現在、ロシア・ウクライナ戦争を巡っては、ウクライナの「反転攻勢」がほぼ挫折し、戦闘における「膠着状態」が続き、ウクライナに対する世界の「支援」の勢いが弱まり、ゼレンスキー大統領に対する感情的反発が強まり、といった情報が増えつつあるが、戦争が長く続けばそのような事態が現出するのも予想済みのことだと言える。私が『物語戦としてのロシア・ウクライナ戦争』という本の最初の方で「ロシアの強さ」という問題を論じたが、それを裏書きするような事態が進行しているというだけのことだ。しかし、この現状によってこの戦争の本質が何か変わっている訳ではないこともまた、確かなことだと思われる。
この戦争について日本人としての現実的・具体的立場に沿って考える時、過去から現在、未来にかけての「北方領土問題」は、ロシアとの間に横たわる一つの巨大な物語であり、以下のnoteの幾つかの記事で紹介したように、私はこの暑い夏から秋にかけて、北方領土の片鱗をでも感じ取るための小旅行を試みた。
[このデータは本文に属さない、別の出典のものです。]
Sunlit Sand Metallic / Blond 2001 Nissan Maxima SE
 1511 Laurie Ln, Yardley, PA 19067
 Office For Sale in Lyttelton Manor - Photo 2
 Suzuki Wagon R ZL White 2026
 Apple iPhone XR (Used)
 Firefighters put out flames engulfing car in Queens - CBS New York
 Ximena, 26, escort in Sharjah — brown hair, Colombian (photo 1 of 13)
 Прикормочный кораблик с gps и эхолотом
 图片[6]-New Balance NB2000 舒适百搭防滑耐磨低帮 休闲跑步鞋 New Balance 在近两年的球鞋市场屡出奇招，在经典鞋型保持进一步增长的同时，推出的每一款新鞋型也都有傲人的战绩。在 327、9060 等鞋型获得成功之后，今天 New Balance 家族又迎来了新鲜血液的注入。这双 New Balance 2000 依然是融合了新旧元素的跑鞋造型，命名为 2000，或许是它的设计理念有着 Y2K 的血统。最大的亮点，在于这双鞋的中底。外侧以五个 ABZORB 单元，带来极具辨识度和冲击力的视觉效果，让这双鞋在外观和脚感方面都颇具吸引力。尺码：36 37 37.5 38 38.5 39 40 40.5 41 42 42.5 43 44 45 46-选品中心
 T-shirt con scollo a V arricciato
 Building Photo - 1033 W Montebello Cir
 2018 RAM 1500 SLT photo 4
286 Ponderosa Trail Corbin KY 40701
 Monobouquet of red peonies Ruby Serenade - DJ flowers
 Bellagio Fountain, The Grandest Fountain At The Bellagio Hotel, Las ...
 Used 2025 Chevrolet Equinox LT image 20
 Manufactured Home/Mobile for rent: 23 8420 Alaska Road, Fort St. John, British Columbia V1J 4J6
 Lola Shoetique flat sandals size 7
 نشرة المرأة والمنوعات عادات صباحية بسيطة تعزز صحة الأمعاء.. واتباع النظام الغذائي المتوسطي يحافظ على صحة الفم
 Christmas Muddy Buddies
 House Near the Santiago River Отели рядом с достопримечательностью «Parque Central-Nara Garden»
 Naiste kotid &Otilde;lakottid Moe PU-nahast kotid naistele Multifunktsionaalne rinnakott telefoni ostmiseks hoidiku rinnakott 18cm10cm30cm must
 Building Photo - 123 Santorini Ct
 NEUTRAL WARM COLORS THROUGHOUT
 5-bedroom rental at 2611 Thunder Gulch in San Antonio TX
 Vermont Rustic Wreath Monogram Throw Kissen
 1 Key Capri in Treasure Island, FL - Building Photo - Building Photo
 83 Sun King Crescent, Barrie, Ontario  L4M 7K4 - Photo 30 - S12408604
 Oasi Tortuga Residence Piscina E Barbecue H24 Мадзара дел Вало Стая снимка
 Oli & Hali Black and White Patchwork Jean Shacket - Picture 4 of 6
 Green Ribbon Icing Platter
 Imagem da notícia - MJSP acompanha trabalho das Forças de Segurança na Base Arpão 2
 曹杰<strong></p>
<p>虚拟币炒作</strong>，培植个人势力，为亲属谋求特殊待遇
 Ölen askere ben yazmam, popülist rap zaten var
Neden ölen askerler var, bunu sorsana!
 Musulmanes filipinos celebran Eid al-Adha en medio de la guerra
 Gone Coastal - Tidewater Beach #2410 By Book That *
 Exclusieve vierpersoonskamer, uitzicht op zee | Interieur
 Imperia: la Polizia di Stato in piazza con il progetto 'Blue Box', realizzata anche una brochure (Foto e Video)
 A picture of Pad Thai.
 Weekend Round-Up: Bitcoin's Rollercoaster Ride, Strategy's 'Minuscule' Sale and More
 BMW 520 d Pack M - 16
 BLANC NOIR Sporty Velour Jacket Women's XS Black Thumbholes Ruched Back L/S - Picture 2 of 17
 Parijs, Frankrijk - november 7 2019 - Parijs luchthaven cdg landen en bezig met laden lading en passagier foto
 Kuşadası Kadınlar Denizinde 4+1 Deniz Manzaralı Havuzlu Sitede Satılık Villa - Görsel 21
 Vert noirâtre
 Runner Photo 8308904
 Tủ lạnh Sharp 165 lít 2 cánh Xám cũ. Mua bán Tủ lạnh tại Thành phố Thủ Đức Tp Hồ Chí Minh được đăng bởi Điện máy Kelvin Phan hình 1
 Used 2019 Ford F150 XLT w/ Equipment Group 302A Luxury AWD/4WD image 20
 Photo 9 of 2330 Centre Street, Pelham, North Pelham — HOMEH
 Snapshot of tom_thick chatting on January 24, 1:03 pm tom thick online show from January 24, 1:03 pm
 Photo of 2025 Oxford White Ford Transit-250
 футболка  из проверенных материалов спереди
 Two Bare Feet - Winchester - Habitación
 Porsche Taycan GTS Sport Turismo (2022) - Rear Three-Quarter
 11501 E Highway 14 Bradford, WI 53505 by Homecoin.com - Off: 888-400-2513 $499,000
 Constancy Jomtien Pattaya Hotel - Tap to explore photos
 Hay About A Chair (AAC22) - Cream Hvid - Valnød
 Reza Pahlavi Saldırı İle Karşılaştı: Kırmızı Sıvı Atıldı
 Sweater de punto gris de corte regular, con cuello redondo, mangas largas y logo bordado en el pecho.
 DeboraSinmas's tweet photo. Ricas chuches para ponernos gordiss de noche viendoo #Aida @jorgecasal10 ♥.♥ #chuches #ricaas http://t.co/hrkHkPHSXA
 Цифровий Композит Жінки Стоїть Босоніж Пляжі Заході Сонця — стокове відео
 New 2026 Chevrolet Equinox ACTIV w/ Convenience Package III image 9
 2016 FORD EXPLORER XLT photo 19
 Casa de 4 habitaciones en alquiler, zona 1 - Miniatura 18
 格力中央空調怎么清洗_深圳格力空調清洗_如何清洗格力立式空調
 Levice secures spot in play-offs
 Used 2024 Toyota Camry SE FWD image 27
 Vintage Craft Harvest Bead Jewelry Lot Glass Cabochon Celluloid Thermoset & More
この問題を考えるためには、物理的な意味での旅を今後も試みることは一つの課題であるが、同時に精神的な意味での旅を試みることがそれ以上に重要な作業となる。この北方領土問題を巡る精神的な旅な主要なものは、本や文献を巡る旅である。上記小旅行を通じて、資料館等からかなりの記録、パンフレットや冊子を入手したので(上記記事で紹介した主なものがそのうちの写真類である)、それらの整理や研究も課題となるが、同時に文献(本や論文類)の探索と研究も言うまでもなく重要である。この記事のシリーズ―「北方領土問題」について考える文献・資料小旅行―においては、関連する文献・資料類をまずは漫然と探索し、気になった部分や勉強になった部分について紹介して行くことにする。従って、例えば本を紹介するにしても、対象となる本を評価するための書評ではなく、私にとって気になった部分・勉強になった部分の紹介という色合いが濃い。
今回、長谷川毅の『暗闘 [新版]―スターリン、トルーマンと日本降伏―』(みすず書房、2023年)という本を読んだ。注や索引を含めると700ページを超える大きな本である。ここではこれについて、あくまで私が興味を持った観点からという限定付きで、短い紹介を行いたい。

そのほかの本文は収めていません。